• **WHAT IS EXPECTED**
Starting at the line that contains "Haier WD-1930-21 Counterweight - Upper" and stopping at the line that contains "Zetor PROXIMA 80PS( 6441", restate each line of the records below exactly. Omit the pictures.
● ● ●
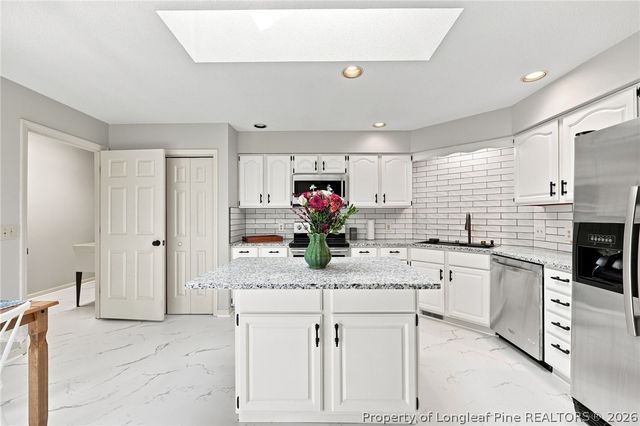 965 Monticello Drive, Pinehurst, NC 28374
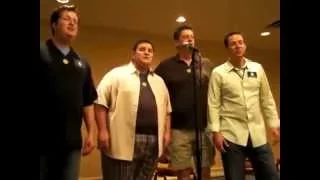 MaxQ - Country Roads - acapella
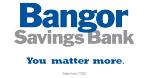 Logo for Bangor Savings Bank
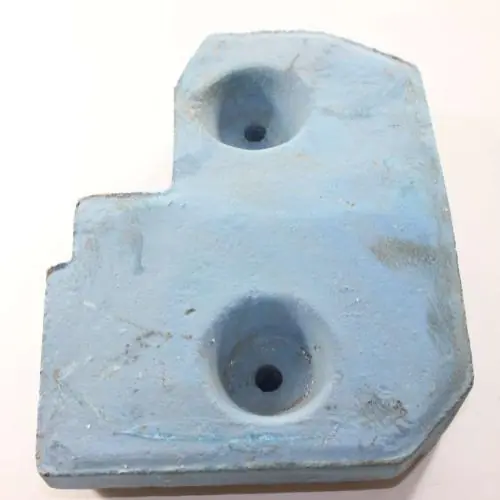 Haier WD-1930-21 Counterweight - Upper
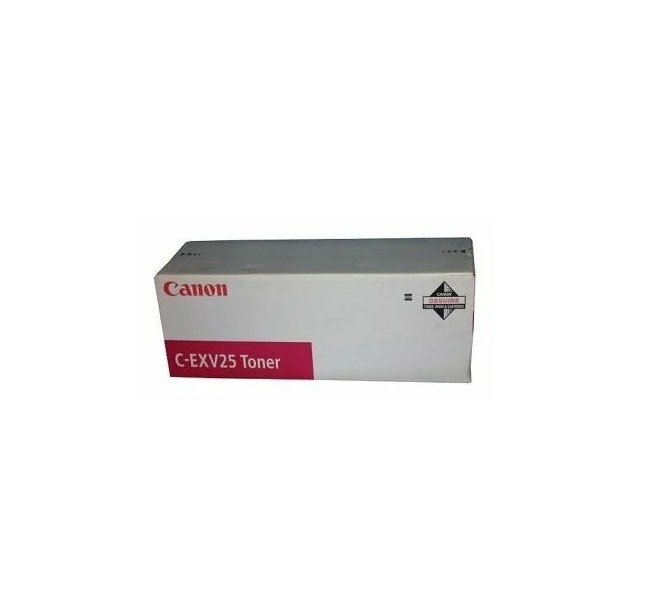 

Картридж для лазерного принтера Canon 2550B002 (2550B002) пурпурный, оригинальный, 2550B002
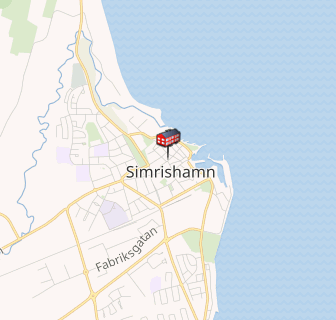 Simrishamn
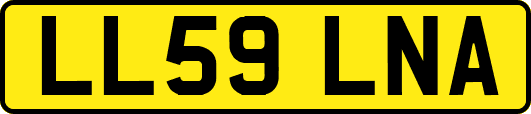 LL59LNA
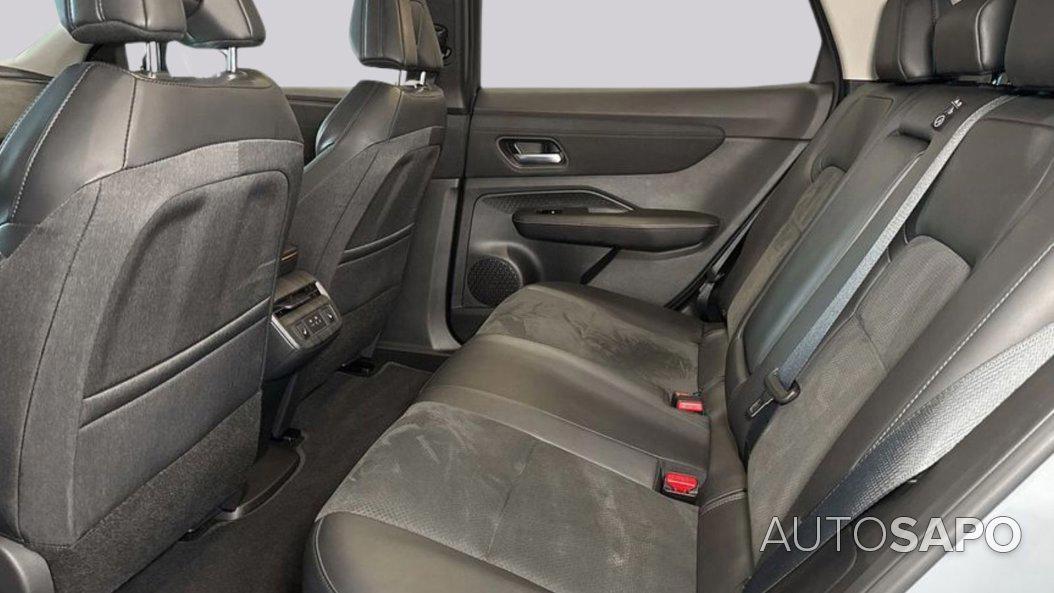 Nissan Ariya de 2023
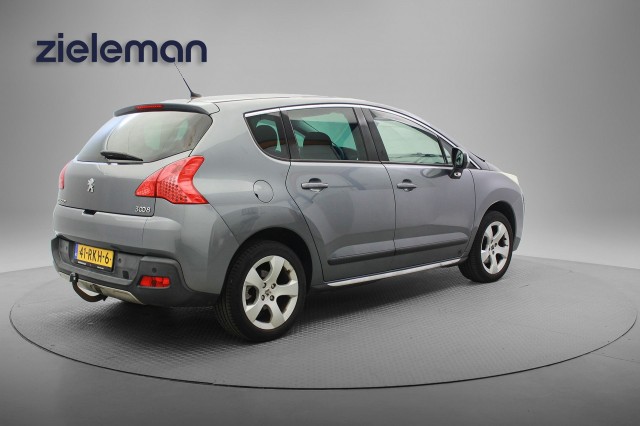 PEUGEOT 3008 1.6 GT Automaat - , Autobedrijf Zieleman, Nieuwleusen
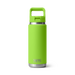 Yeti Rambler 26oz (760ml) Straw Bottle [col:venom]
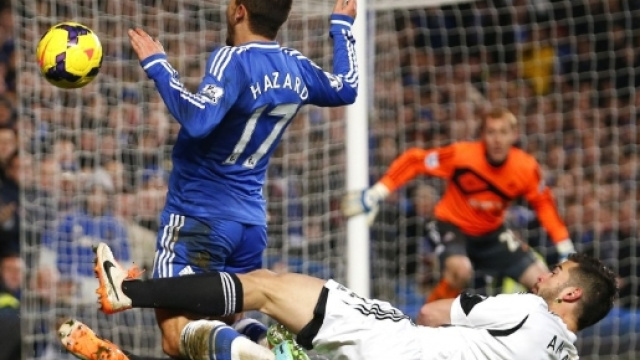 Formazioni e pronostici Premier League - Liverpool-Chelsea - 31 gennaio 2017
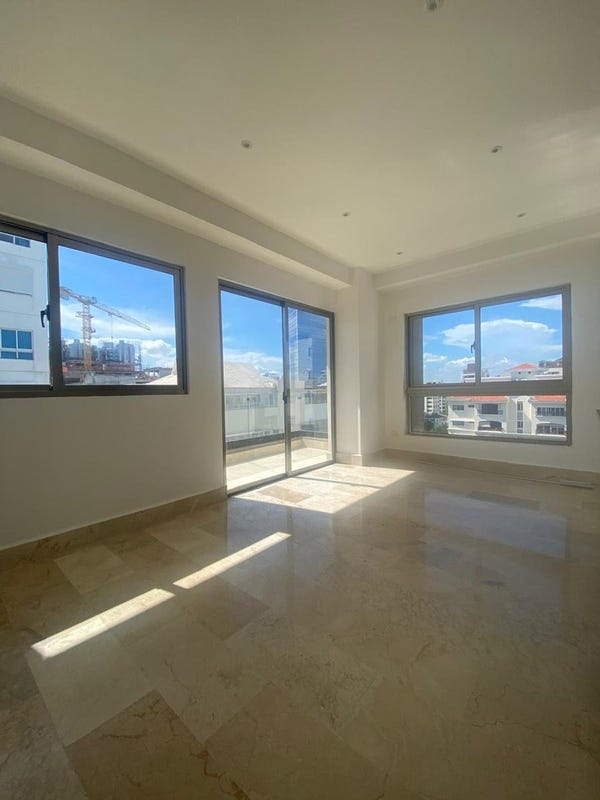 Apartamento en Santo Domingo, foto 2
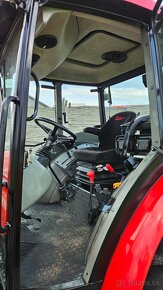 Zetor PROXIMA 80PS( 6441 SPECIAL/7441/8441) - 14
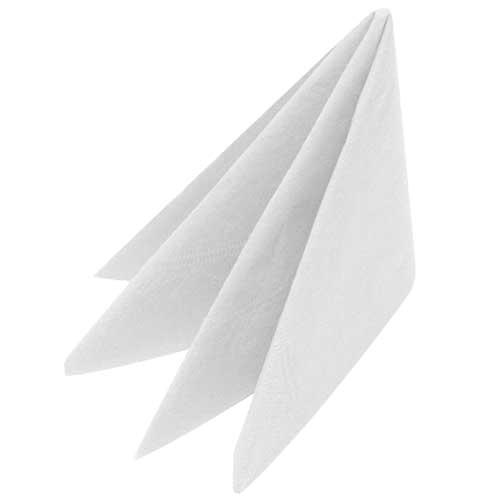 40cm 3ply Luxury Dinner Napkin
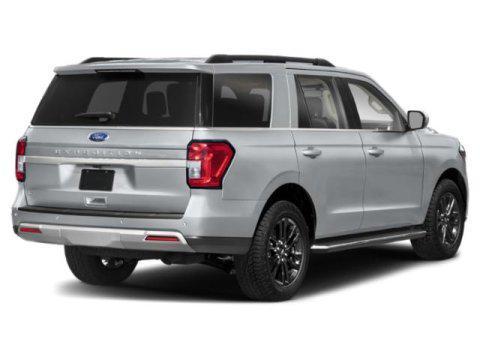 used 2022 Ford Expedition car, priced at $37,988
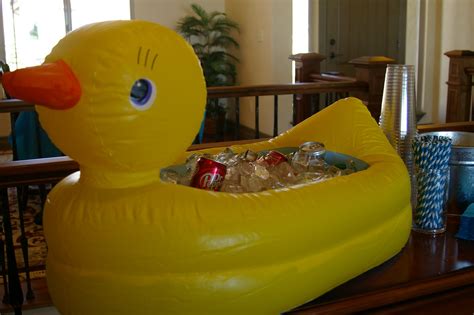 Rubber Duckie Party Sex Nurse Local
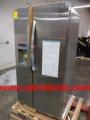 LG LSC27925ST SIDE-BY-SIDE REFRIGERATOR 26.5 CU.FT. FACTORY REFURBISHED,Stainless Steel, Titanium ,Factory Refurbished (FOR USA)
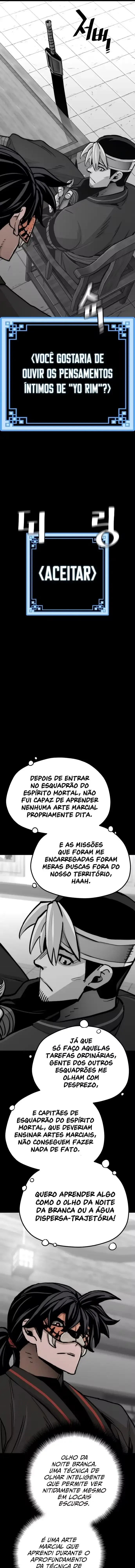 Simulação de Cultivo do Demônio Celestial Capítulo 45 Página 38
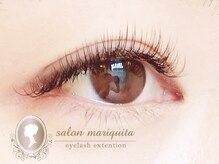 サロン マリキータ(salon mariquita)/マツエク/LED/カラー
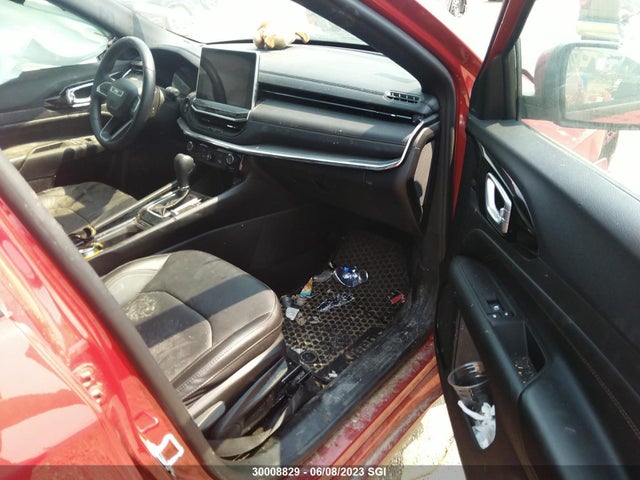 3C4NJDCB4NT188720 Jeep Compass Limited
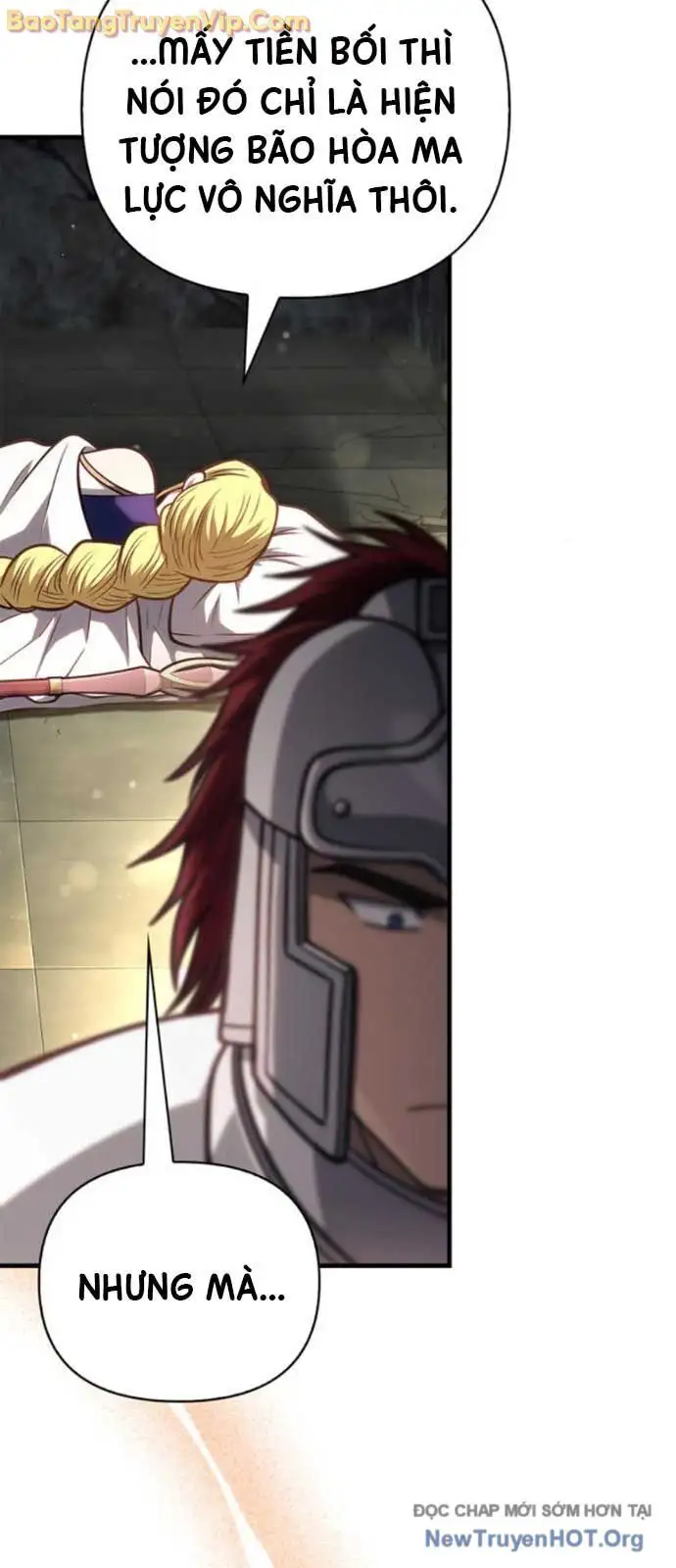 Truyện Tranh Sống Sót Trong Trò Chơi Với Tư Cách Là Một Cuồng Nhân trang 7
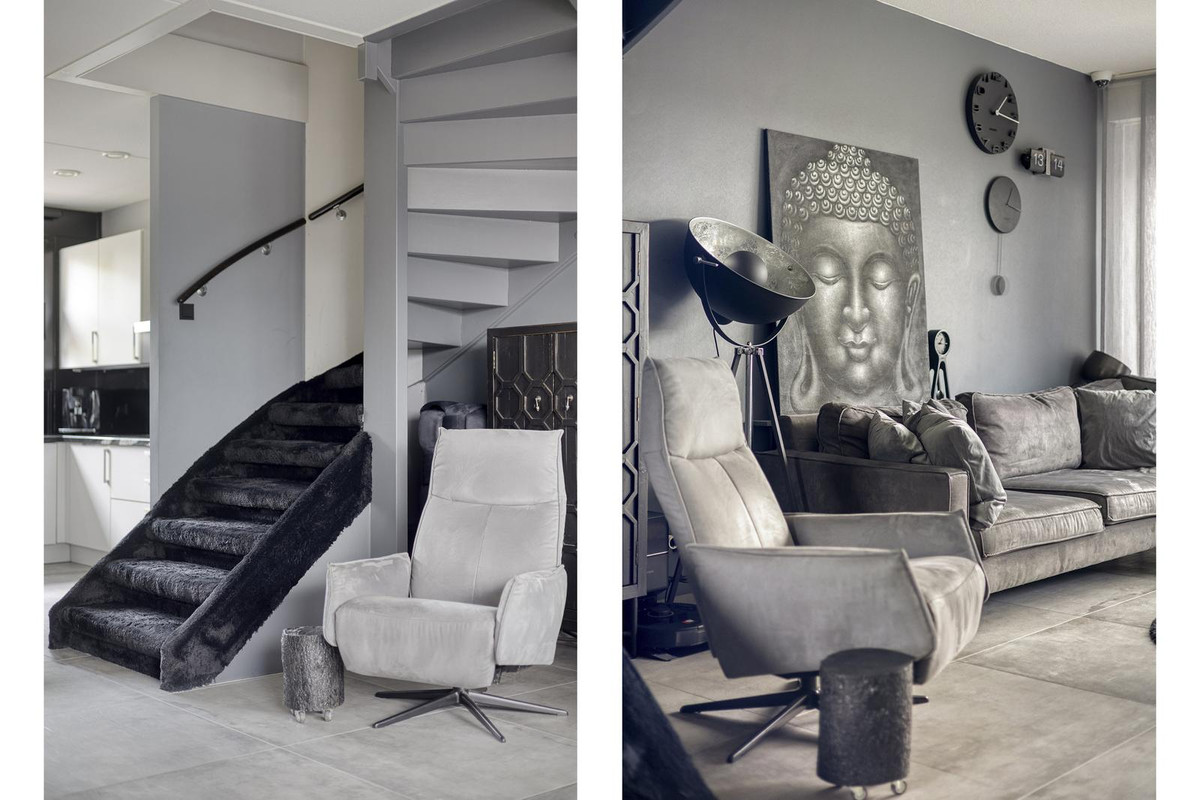 Tussenwoning te koop: Friezenplein 8, Maastricht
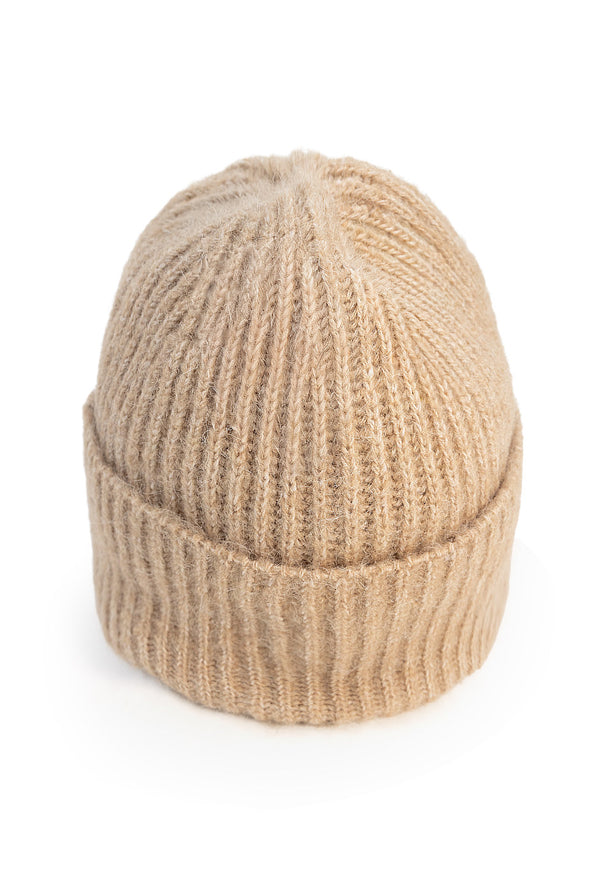 Gorro Blended Knit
● ● ●
• **ANSWER TO THE EXERCISE**
 Haier WD-1930-21 Counterweight - Upper

Картридж для лазерного принтера Canon 2550B002 (2550B002) пурпурный, оригинальный, 2550B002
 Simrishamn
 LL59LNA
 Nissan Ariya de 2023
 PEUGEOT 3008 1.6 GT Automaat - , Autobedrijf Zieleman, Nieuwleusen
 Yeti Rambler 26oz (760ml) Straw Bottle [col:venom]
 Formazioni e pronostici Premier League - Liverpool-Chelsea - 31 gennaio 2017
 Apartamento en Santo Domingo, foto 2
 Zetor PROXIMA 80PS( 6441 SPECIAL/7441/8441) - 14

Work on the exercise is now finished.